Meditative Ecstasy at Denkanikotta
Denkanikotta is a small town near Hosur, about two hours’
drive from Bangalore. It is most famous for two temples – the Baytarayana swamy
temple and the Narasimha swamy temple.
I first visited the Narasimha swamy temple, which is up a
small hillock some 7/8 years back and quietly forgot about it. The next
opportunity to visit the temple happened a few months back. I went there with
my parents and relatives. The peace and quiet of the place struck me. After the
customary darshan (the main sanctum sanctorum is inside a small cave, where one
has to really crawl and reach) we came out and circumambulated the peepal tree.

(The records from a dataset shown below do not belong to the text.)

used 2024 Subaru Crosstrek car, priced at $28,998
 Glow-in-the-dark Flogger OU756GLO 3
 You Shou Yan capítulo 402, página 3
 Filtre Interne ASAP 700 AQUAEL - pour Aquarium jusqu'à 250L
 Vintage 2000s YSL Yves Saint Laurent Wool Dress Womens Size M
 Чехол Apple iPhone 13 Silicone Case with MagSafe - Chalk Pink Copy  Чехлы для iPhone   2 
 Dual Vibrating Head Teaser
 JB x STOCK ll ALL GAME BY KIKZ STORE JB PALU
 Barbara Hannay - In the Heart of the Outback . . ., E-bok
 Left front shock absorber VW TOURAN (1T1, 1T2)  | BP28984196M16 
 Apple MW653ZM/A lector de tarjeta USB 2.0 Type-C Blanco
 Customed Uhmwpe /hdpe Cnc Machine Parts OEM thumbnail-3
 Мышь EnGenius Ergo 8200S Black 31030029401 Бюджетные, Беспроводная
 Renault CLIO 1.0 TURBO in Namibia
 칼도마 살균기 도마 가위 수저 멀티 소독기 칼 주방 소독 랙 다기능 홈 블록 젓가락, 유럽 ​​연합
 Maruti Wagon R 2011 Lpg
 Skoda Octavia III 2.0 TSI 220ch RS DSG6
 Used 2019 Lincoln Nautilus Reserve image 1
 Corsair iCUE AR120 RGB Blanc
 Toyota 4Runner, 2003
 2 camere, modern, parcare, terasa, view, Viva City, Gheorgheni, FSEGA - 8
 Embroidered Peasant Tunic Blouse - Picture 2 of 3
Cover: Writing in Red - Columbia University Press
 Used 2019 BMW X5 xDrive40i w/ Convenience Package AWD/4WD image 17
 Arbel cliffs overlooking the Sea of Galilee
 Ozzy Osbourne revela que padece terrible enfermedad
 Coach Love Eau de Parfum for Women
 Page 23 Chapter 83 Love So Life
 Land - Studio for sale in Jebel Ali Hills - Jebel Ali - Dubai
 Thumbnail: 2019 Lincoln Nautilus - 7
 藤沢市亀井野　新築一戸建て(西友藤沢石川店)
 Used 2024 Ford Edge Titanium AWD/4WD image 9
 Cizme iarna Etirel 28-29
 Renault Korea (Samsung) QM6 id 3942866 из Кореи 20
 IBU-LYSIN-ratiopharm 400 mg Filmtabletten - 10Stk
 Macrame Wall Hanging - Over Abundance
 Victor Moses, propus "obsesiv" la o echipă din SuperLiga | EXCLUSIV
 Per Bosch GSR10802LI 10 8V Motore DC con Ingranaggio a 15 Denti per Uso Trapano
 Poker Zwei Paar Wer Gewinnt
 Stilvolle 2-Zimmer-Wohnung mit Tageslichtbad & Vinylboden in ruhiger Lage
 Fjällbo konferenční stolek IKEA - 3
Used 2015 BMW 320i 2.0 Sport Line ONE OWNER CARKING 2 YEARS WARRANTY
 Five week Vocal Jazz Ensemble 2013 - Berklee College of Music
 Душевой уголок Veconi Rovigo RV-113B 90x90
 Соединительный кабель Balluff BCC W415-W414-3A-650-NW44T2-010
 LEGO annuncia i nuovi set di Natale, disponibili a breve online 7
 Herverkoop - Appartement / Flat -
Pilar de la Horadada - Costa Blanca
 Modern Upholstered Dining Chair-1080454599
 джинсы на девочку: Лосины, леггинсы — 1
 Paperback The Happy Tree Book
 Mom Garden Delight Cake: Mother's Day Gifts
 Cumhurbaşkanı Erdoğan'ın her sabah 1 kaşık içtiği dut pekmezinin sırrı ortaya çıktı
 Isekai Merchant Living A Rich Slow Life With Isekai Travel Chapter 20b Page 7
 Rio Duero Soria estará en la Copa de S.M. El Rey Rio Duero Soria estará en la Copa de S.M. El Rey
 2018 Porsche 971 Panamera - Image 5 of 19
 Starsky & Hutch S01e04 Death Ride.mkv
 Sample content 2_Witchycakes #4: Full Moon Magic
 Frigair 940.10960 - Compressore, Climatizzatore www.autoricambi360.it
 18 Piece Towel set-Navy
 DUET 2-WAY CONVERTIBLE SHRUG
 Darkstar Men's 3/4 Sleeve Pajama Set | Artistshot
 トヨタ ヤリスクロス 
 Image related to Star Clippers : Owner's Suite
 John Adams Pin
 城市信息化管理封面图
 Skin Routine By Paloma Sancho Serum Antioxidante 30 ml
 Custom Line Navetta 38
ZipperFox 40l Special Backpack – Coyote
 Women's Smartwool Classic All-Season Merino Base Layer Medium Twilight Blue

The view of the horizon from the place is simply breathtaking – hills, lush
green fields with very little human contamination. I very much wanted to sit
there and meditate but keeping so many relatives waiting for me didn’t
sound right or feasible, leave aside the fact that meditation in such places is
best done in solitude. So I returned, but was very sure I would be back.
The next opportunity came last Sunday and I made the most of
it. I reached the temple from my cousin’s place in Hosur by around 10.15 am. After a good darshan and archana, I sat just outside the sanctum
sanctorum in meditation for close to an hour-and-a-half. Despite so many
visitors, I had quite a good spell of meditation. Close to noon, I had to leave
the place as the temple was to be closed. I came out and headed to the peepal
tree. Luckily, behind the tree are a few steps where one can comfortable sit.
The best part about this place is that it overlooks the horizon, with hills,
farms and everything natural around. I used it for my next spell of meditation.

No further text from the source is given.